Last week an unnamed Saudi man was jailed for contributing to these calls, according to local news sources. The Saudi courts convicted him of "inciting to end guardianship of women," by putting up posters in mosques and posting on social media. You know things are pretty fucked when advocating for change is itself a crime.
The courts also claimed the man was behind the Twitter campaign, which really calls into question the agency and desires of the thousands of women who tweeted. Sigh.
Credit aside, this Saudi man is an ally in the truest sense. The man, who has been sentenced to one year in prision and fined 30,000 riyals (US$8,000), claimed to have launched the campaign when he realised that some of the women in his life were “facing injustice at the hands of their families.” Men have to be part of the solutions to counteract gender inequality at any level, and in a system in which women are treated as legal minors who can be legally beaten by their guardians under certain circumstances, this man’s work is especially important.
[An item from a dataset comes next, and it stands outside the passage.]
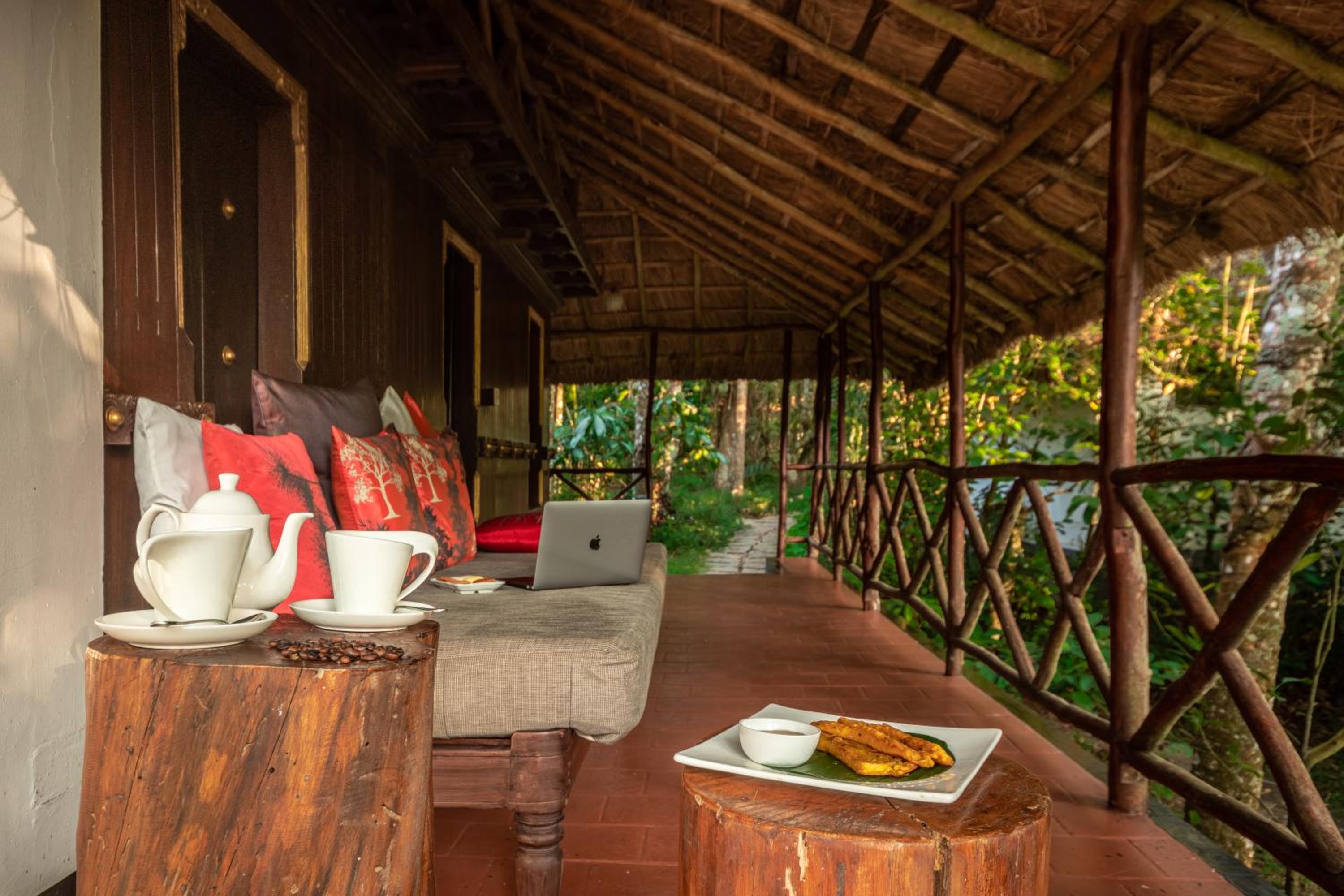 Elegant Cottage - Free Plantation Walk Tour with 10% Discount on F&SB & 15% off on SPA Elegant Cottage - Free Plantation Walk Tour with 10% Discount on F&SB & 15% off on SPA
Longtime Saudi activist Aziza Al-Yousef understands the role men have to play and has long focused on making Saudi men more aware. “This is not only a women’s issue, this is also putting pressure on normal men,” she told The Guardian. It seems more and more men in the ultra-conservative kingdom are recognising the injustice of the guardianship system. Some Saudi women who spoke to the New York Times in October said the men in their lives give them the freedom to make their own choices: "I am one of the lucky women who had an amazing and enlightened father and wonderful brothers, who do not interfere in my choices and support me all the way." Yet the insulting system still requires these women have their guardian's official sign off for travel, study, or work, even if it is only symbolic. The quality of the lives of these luckier women still comes down to temperament of the men around them. And they still can't drive.
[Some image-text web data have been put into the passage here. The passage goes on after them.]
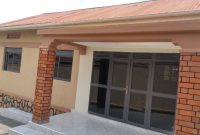 3 bedroom house for rent in Bukoto at 1.8m shillings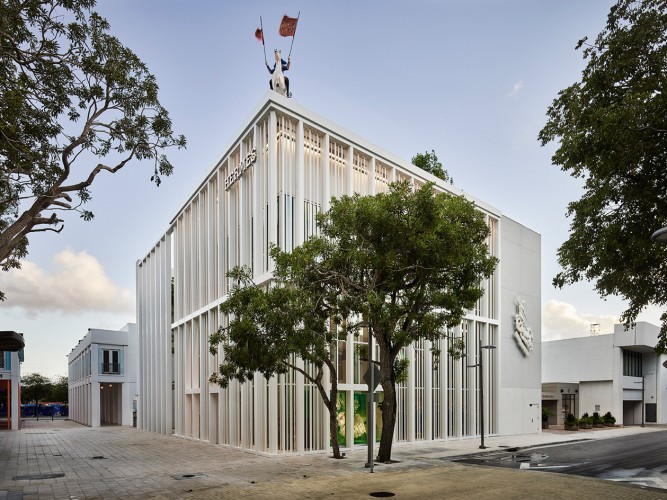Meet the new Hermès boutique in Miami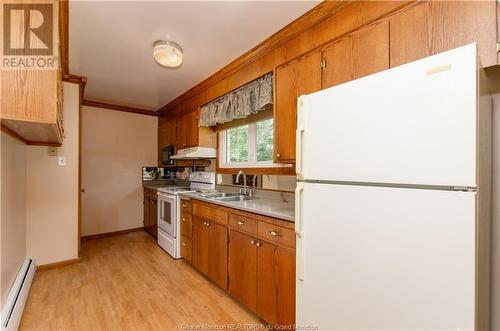 231 Ayer Ave, Moncton, NB - Indoor Photo Showing Kitchen With Double Sink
We salute this imprisoned activist for his brave efforts. He is paying a steep price for publically suggesting an end to a warped system so obviously inhumane that Human Rights Watch has condemned it, and which Saudi Arabia has already promised and failed to end.
But hey, at least when he gets out he won’t have to wait for a male relative to come and collect him: when female prisoners living under the guardianship system have served their time, they have to wait to be recieved by a male guardian, meaning those rejected by their families remain in jail beyond their sentences.